EAST DOESN'T QUITE MEET WEST
by Jamie Travers-Murison ... by James Travers-Murison - has a degree in history,
psychology and Law at Monash University, worked for international law and accounting firms and has travelled extensively around the world spending some of that time
searching for a meaning to life.
A letter to my mother.
This letter is on religion and age. The generation gap between the old fundamentalist believers of
Christianity and the younger generation of self-explorer's who know the flaws of Christianity yet cannot quite meet the scrutiny of their elders and so satisfactorily
communicate the contradictions in Christianity and so express the changes they feel are necessary to the belief system.
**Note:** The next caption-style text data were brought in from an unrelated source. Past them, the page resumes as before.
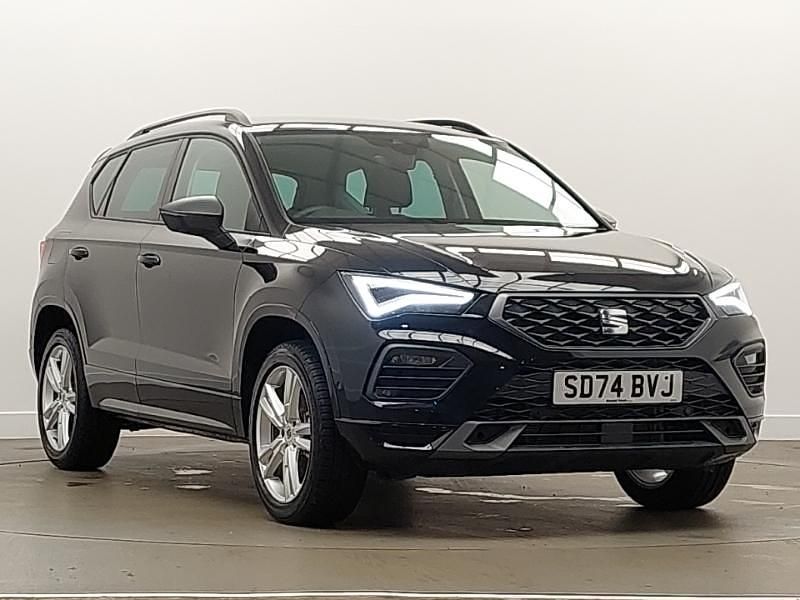 Black Used 2024 Seat Ateca FR SUV | £24,998 (Super price) - Image 1/4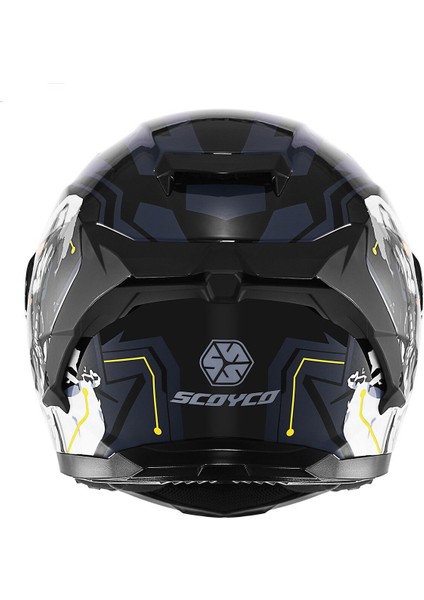 Motosiklet Kask Full Face Ce Yüksek Güvenlikli Motor Kaskı Cyber Edition indirimleri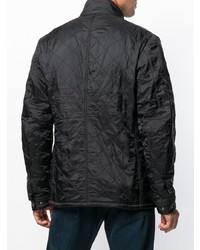 Черная полевая куртка от Barbour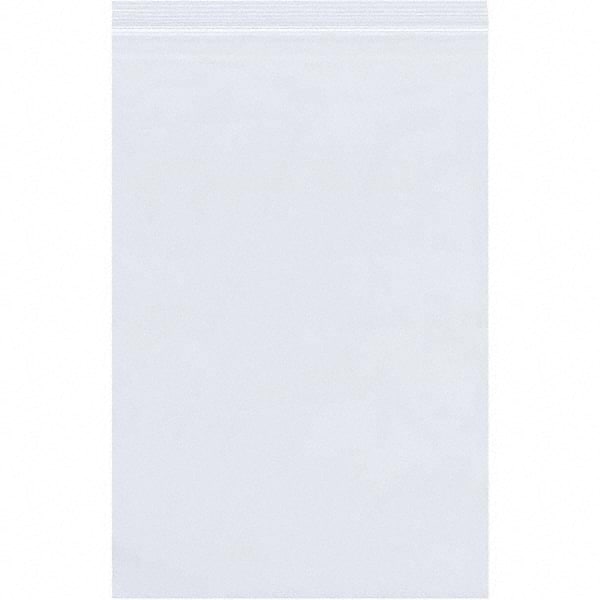 Value Collection - Pack of (500), 14 x 10" 2 mil Reclosable Poly Bags - Top Tool & Supply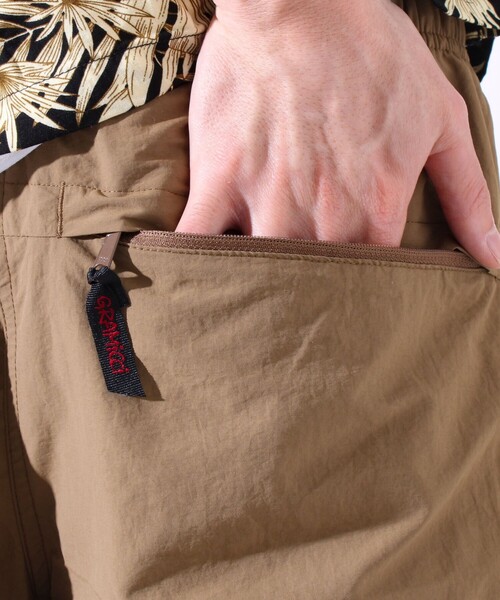 Gramicci(グラミチ)の「【GRAMICCI/グラミチ】ナイロンパッカブル Gショーツ(その他パンツ・メンズ・ベージュ/ブルー系その他7/ブラック/ダークネイビー/キャメル・M/L/XL)」の20枚目の写真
How are you ? I am having an interesting time up here in cap city. The days are blue and warmly lit by the scribbly gums and
stringybarks peeling their bark in long strips to the cacophony of car motors. This morning I rose to the odious rhetoric of chairman Mao's cultural revolution . At 8.40
am dad entered my room and placed the said radio broadcast at close to full volume to my ear. I was dreaming of daffodils floating through the air in a slow motion.
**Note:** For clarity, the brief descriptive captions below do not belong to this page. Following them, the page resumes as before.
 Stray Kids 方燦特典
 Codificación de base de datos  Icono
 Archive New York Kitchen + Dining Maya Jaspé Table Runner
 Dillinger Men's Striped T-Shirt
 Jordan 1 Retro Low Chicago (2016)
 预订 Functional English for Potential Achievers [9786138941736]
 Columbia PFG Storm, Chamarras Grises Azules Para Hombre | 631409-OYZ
Spinning twisting, arching their light green stems in a multitude of directions that collided obliquely with each other. Petals flew off the ends and joined the floating
mass to fill the air with yellow, green, white until obscured in a blur of iridescent colour. My eyes opened to the marching music of the cultural revolution and the sharp
sounds of knocking on the door.
And so eventually I was up and getting dressed while dad shaved, then after some time pondering on dad's whereabouts, we
made it to the car. To a Camera shop, but first we found a parking meter with some time left on it. We found one and then headed off to the shops. With the camera fixed we
were off again too seek cheaper film developing. We found the best deal back at the first shop, but meanwhile the meterman was at dad's car punching his registration
number into the computer. Oh dear, the meter had expired while we were attempting to save money running from shop to shop and thirty five dollars later we were off to see
Moe Smith. Dad was very upset, apparently he had recently received two speeding tickets which he said took him months to pay off . Finally he blamed me for not allowing
him to park for free outside the city limits. Running late for Moe and as I had done well saving thirty five dollars on film developing and had the camera fixed for
nothing, seeing his contorted wheezing face, I offered to pay the fine. It took him a while to recover and after saying he'd think about it he finally said he'd be
At 75, retired reverend and ex-Korean war medal of honor veteran major Moe Smith walked towards us at full pace and
cheerfully said "there's a rake on the lawn". I made back, picked it up and handed it to him. Our first contact, two hands on a rake. Inside his suburban villa done up
like a tropical mission, practical cheap armchairs lined in a mass around the airy lounge and gaudy oil paintings of no great note of India, Nepal and the tropics lined
the wall. He offered us a drink and at my request for herbal tea, he rushed back to produce a box full of "spicy ginger". With a gleam of angelic joy in his eye he
disappeared off to produce his brew. Sweet twirly biscuits with lumps of sweeter cheesy icing were brought out as dad and me examined his art collection. Pleasantries
aside. I was questioned at length on my current works 'the way to salvation'.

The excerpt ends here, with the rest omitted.